Your output should be one number, which is how many lines in the material contain "Picture".
[Records provided Boundary: Start]
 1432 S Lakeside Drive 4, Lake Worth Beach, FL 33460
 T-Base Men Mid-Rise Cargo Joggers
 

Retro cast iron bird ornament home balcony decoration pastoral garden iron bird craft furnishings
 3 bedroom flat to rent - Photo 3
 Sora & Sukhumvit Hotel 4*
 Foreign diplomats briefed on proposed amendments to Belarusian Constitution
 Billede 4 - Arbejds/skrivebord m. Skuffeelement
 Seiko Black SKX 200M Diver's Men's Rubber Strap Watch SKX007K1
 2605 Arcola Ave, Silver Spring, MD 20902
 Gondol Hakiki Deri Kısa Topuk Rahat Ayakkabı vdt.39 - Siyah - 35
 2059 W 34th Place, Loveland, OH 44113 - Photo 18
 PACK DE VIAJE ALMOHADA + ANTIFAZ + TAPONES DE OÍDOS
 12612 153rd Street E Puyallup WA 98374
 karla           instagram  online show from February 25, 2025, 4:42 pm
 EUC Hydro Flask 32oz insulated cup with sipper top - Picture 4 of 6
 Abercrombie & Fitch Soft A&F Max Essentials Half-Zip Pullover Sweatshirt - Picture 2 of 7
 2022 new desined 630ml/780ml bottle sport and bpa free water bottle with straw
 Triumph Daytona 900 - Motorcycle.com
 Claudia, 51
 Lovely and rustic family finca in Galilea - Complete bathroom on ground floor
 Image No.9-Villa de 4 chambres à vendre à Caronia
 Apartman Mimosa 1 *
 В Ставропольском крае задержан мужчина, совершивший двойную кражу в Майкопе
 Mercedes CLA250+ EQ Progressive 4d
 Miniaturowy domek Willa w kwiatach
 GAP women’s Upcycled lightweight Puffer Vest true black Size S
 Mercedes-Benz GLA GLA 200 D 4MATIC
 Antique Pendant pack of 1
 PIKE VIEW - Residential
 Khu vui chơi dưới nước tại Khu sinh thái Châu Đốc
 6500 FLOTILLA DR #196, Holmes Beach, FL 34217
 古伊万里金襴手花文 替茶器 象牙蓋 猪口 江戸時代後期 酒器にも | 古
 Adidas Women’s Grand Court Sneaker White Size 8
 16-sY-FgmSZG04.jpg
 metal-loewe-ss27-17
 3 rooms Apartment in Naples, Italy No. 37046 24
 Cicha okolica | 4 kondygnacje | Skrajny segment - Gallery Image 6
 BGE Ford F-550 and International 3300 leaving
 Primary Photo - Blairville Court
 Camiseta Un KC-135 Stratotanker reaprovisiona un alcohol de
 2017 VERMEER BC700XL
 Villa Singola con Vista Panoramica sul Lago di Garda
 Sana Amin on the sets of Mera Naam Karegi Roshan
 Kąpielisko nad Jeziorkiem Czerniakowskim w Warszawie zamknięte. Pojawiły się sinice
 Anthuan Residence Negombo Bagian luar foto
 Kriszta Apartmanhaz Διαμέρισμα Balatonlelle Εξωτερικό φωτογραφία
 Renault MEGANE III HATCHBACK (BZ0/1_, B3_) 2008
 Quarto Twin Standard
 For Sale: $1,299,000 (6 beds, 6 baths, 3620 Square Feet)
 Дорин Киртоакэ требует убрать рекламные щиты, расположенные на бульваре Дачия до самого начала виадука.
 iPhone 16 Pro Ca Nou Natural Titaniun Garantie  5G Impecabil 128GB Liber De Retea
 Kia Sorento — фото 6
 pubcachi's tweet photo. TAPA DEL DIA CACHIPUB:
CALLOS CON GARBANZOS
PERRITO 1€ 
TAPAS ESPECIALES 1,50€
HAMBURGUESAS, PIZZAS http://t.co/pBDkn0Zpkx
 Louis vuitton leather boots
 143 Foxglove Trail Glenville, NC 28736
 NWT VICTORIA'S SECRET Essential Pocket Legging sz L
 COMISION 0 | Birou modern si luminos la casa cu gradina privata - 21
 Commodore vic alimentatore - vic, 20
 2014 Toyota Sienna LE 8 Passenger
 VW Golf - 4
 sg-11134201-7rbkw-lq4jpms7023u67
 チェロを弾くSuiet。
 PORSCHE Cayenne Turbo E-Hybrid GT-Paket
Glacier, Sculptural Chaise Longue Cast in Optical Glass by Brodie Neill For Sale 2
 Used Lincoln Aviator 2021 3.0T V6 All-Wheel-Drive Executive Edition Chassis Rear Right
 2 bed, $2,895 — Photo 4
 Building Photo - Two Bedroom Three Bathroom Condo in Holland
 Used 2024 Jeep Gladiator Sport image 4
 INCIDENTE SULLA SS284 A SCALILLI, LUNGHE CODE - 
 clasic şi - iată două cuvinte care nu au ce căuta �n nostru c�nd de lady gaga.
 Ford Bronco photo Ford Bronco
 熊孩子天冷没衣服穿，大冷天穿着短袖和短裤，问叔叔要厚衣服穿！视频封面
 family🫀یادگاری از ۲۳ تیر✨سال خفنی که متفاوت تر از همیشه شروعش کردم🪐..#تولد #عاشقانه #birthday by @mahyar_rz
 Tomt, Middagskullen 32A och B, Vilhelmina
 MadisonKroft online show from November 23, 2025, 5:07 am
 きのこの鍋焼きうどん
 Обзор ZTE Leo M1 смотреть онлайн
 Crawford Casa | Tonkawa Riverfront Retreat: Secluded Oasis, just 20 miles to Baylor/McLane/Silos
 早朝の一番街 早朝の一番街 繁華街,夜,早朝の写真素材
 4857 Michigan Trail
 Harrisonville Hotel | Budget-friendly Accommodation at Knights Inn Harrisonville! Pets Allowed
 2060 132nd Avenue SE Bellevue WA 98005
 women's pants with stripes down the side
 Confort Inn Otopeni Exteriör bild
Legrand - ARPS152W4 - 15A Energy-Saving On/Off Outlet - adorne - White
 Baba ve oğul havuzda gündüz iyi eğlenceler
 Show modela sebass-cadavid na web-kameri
[Records provided Boundary: End]
* **Expected output**
2